Ensuite pendant longtemps, un « provincialisme » européen a fait considérer comme importants et universels les problèmes de l'Occident et négligeables ceux qui se posaient dans le reste du monde. Cet européocentrisme n'a pas disparu, mais il s'atténue par la force des choses. Ce qui naguère était lointain, inaccessible, étranger nous est devenu proche et de plus en plus nous avons pour contexte le monde en son ensemble. Or en Asie, en Afrique, aux Antilles ou en Océanie, les religions sont vivantes, actives. Les christianismes africain, asiatique et américain s’en préoccupent et s’interrogent à leur sujet. À l'échelle de la planète, ces questions semblent plus décisives que celles posées par la sécularisation. Forcément, elles nous atteignent à travers nos partenaires et interlocuteurs des autres continents
J’ajoute, enfin, que la pluralité religieuse s'installe en Europe. Pendant très longtemps, il a existé une sorte de répartition géographique des religions. On avait des régions musulmanes, des pays bouddhistes, des terres chrétiennes. Il y avait, certes, des zones frontières et des exceptions, comme le judaïsme. Mais, en règle générale, à l'intérieur d'une contrée, une religion prédominait largement, les autres en étaient absentes ou marginales. De manière analogue, dans le Proche-Orient de l'Antiquité, chaque divinité avait une zone d'autorité et de compétence et il arrivait qu'un voyageur au gré de ses déplacements passe d'un dieu à un autre. La géographie déterminait le culte. Notre situation ressemble plutôt au polythéisme de l'Empire romain où plusieurs divinités se proposaient au même endroit à la dévotion des gens et parfois se les disputaient. Un immense brassage s'est produit qui fait que désormais les frontières géographiques ne forment plus des cloisons étanches et ne jouent plus un rôle de partage et de démarcation. Dans nos rues, dans nos écoles, dans nos immeubles et jusque dans nos familles se côtoient des croyants d'obédience diverse. Il y a un quart de siècle, à Oxford, au cours d'un congrès, j'avais été frappé par l'intervention véhémente, passionnée d'un participant qui suppliait les autorités des diverses religions de s'accorder et de fusionner ; en me renseignant sur cet homme, j'ai appris qu'il était né d'un père chrétien, d'une mère bouddhiste, et qu'il avait épousé une musulmane. Des situations de ce genre se rencontrent maintenant en Europe, et beaucoup de pasteurs s’y trouvent confrontés tout à fait concrètement un jour ou l’autre.
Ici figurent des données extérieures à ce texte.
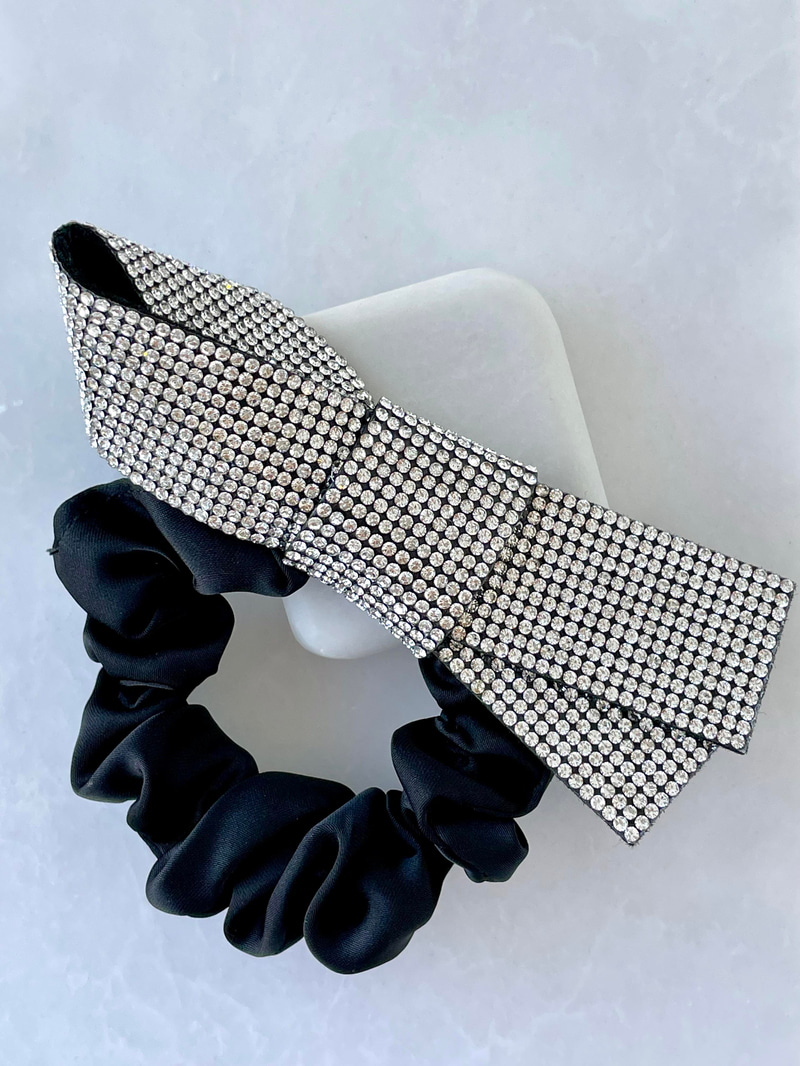 Işıltılı Kurdele Scrunchie Toka Gümüş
La question des autres religions et de la valeur à leur accorder a donc une grande actualité. Elle me semble l'une des plus importantes et des plus épineuses parmi celles qui se posent aujourd'hui aux églises, aux chrétiens et à leur théologie. D’où le choix de ce sujet.
André Gounelle
Notes :
* The Meaning and the End of Religion, New American Library, 1964.
* Voir K. Blaser, Les théologies nord-américaines, Labor et fides, 1995.
* "Le christianisme est-il une religion? Concilium, 1980.
* F. Boespfug et Y. Labbé (ed.) Assise. Dix ans après 1986-1996. Cerf, 1996.
* J'ai proposé un classement un peu différent dans mon article « Théologie chrétienne des religions du monde », Chemins de Dialogue, 1993/1.
* Sur cette problématique, voir mes livres Le Christ et Jésus, et Parler du Christ.
* Voir mon livre Après la mort de Dieu, L'Age d'Homme, 1974.
* J. Ellul, Les nouveaux possédés, Arthème Fayard, 1973.
* J. Brun, Le retour de Dionysos, Les Bergers et les Mages, 1976.